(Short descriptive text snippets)
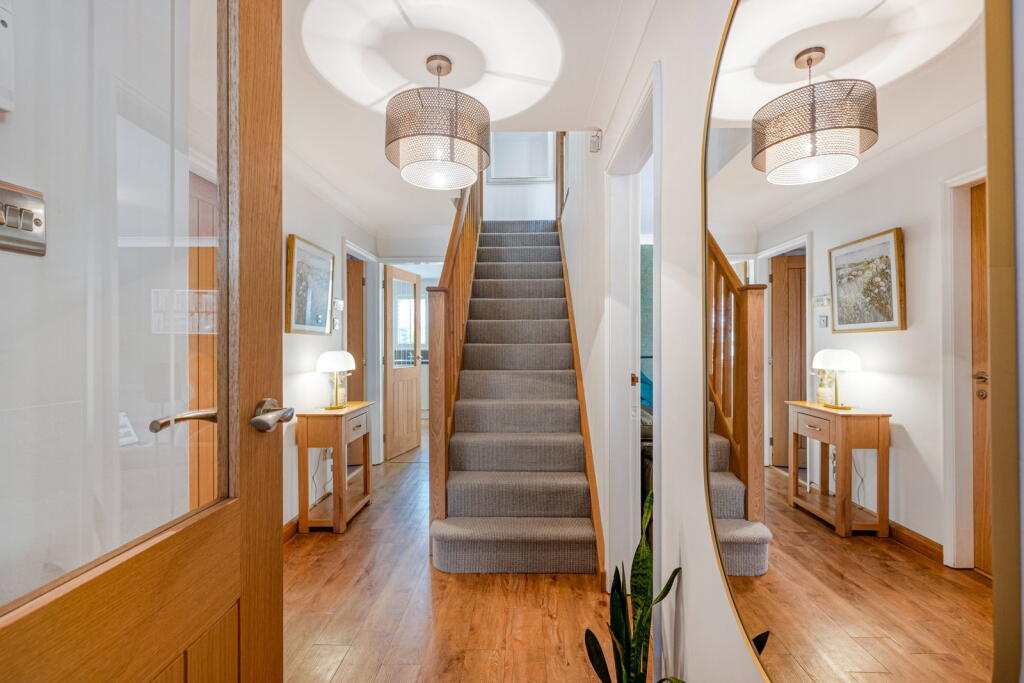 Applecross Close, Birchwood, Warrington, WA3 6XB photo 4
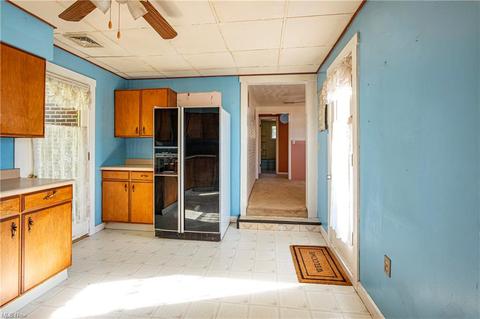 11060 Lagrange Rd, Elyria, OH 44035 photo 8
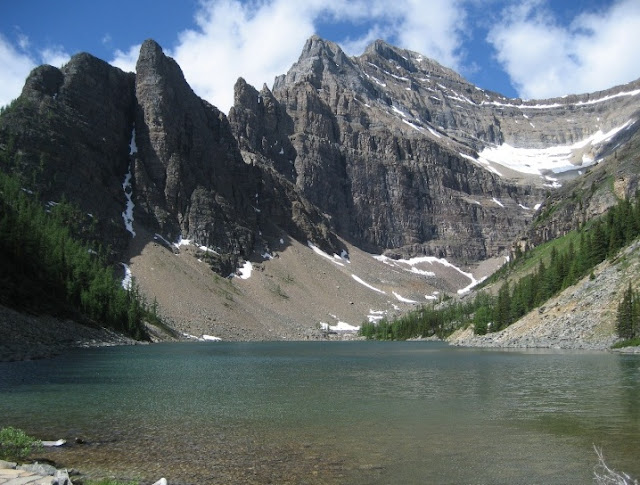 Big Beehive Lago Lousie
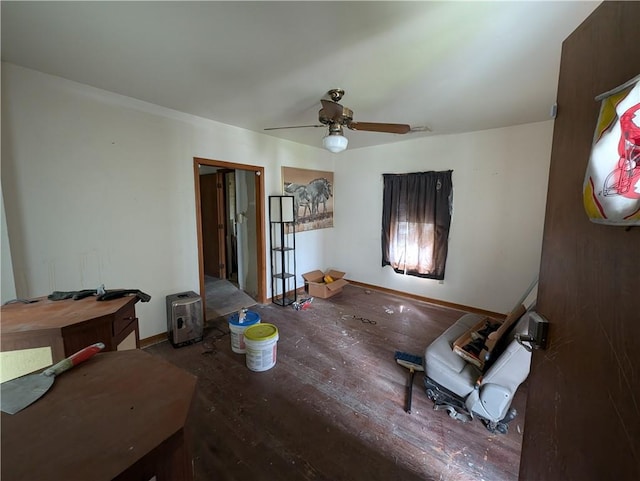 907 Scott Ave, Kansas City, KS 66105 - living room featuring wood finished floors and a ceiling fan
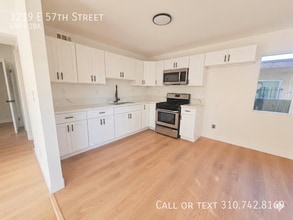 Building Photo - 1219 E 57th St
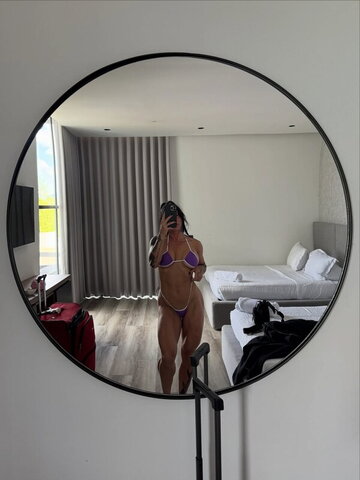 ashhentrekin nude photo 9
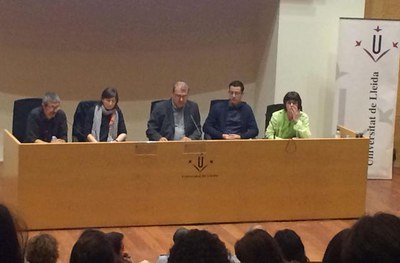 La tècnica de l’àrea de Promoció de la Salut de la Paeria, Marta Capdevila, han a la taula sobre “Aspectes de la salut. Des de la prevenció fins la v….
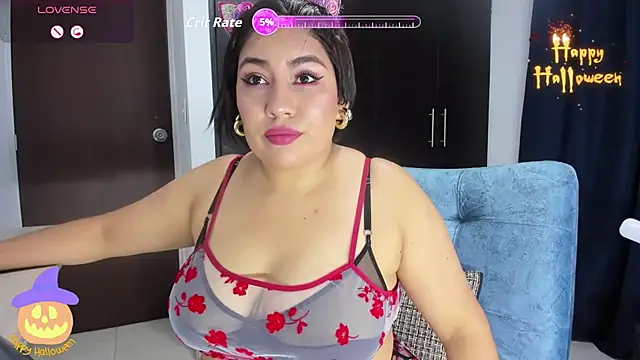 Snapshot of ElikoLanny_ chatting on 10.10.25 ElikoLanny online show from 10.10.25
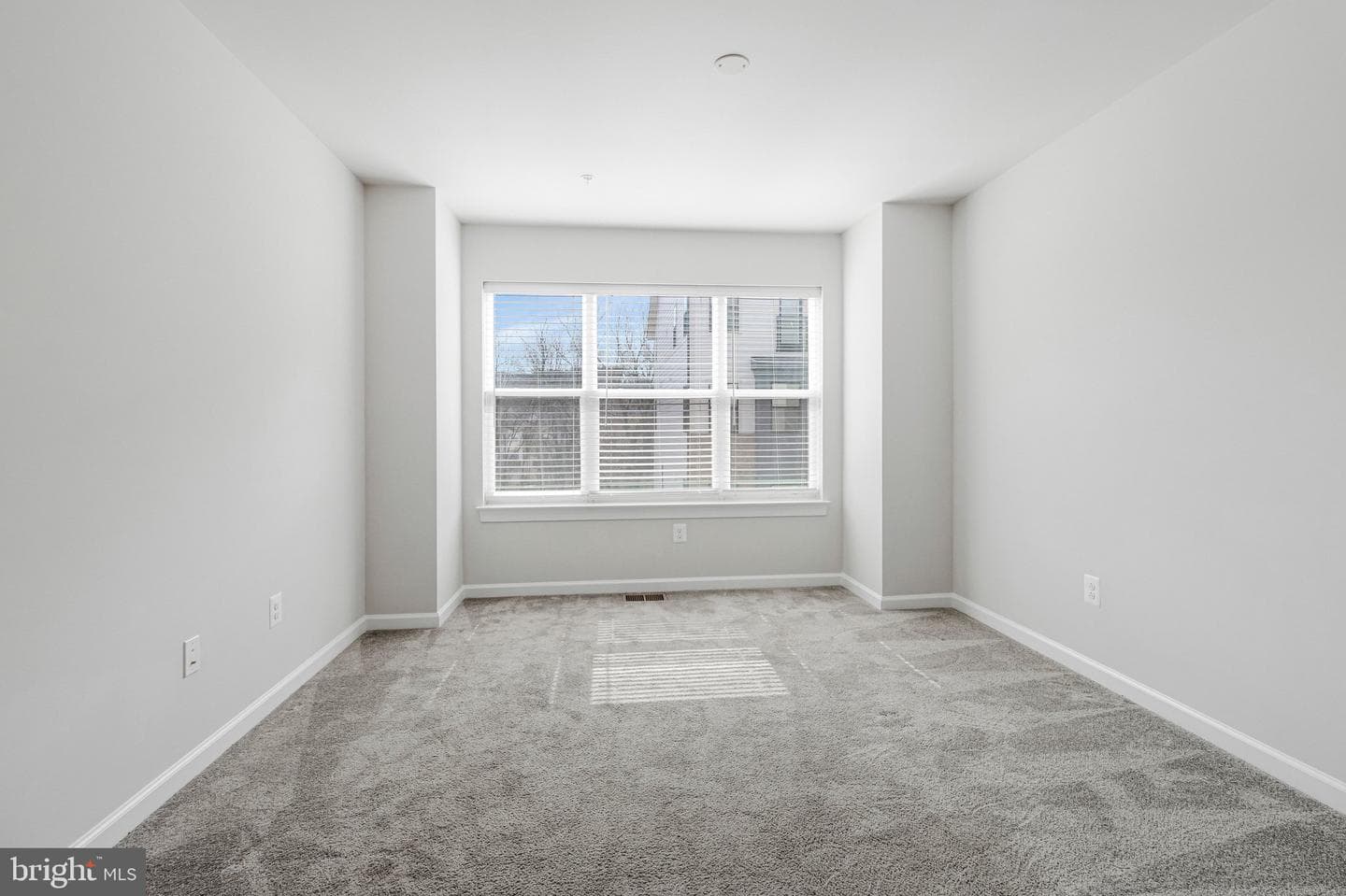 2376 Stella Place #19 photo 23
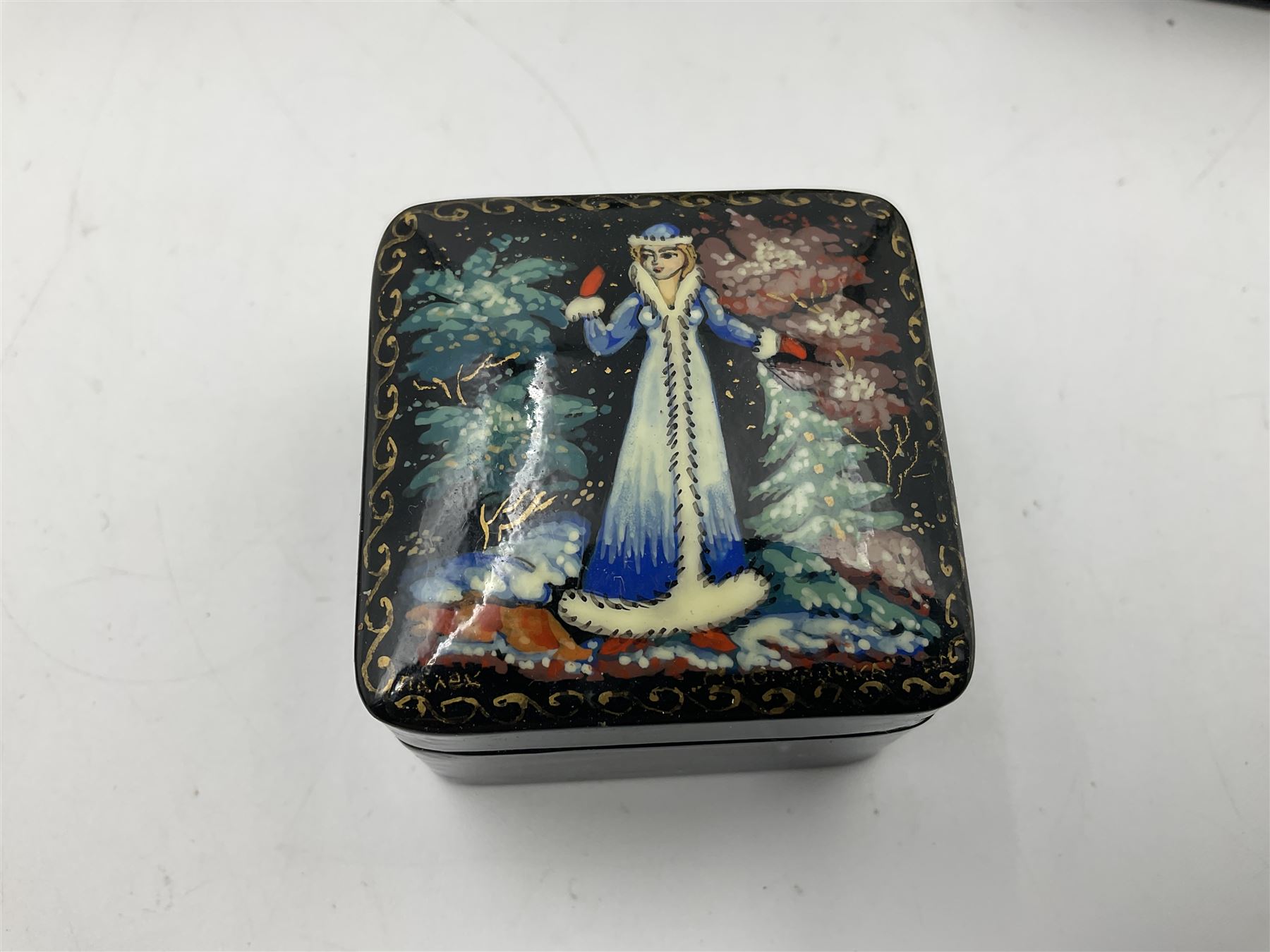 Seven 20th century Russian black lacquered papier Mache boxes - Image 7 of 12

• [What is being asked]:
The answer must be the lines from the first one in the records through the line containing "2376 Stella Place #19 photo 23", copied exactly, with no pictures.

• [Solution]:
 Applecross Close, Birchwood, Warrington, WA3 6XB photo 4
 11060 Lagrange Rd, Elyria, OH 44035 photo 8
 Big Beehive Lago Lousie
 907 Scott Ave, Kansas City, KS 66105 - living room featuring wood finished floors and a ceiling fan
 Building Photo - 1219 E 57th St
 ashhentrekin nude photo 9
 La tècnica de l’àrea de Promoció de la Salut de la Paeria, Marta Capdevila, han a la taula sobre “Aspectes de la salut. Des de la prevenció fins la v….
 Snapshot of ElikoLanny_ chatting on 10.10.25 ElikoLanny online show from 10.10.25
 2376 Stella Place #19 photo 23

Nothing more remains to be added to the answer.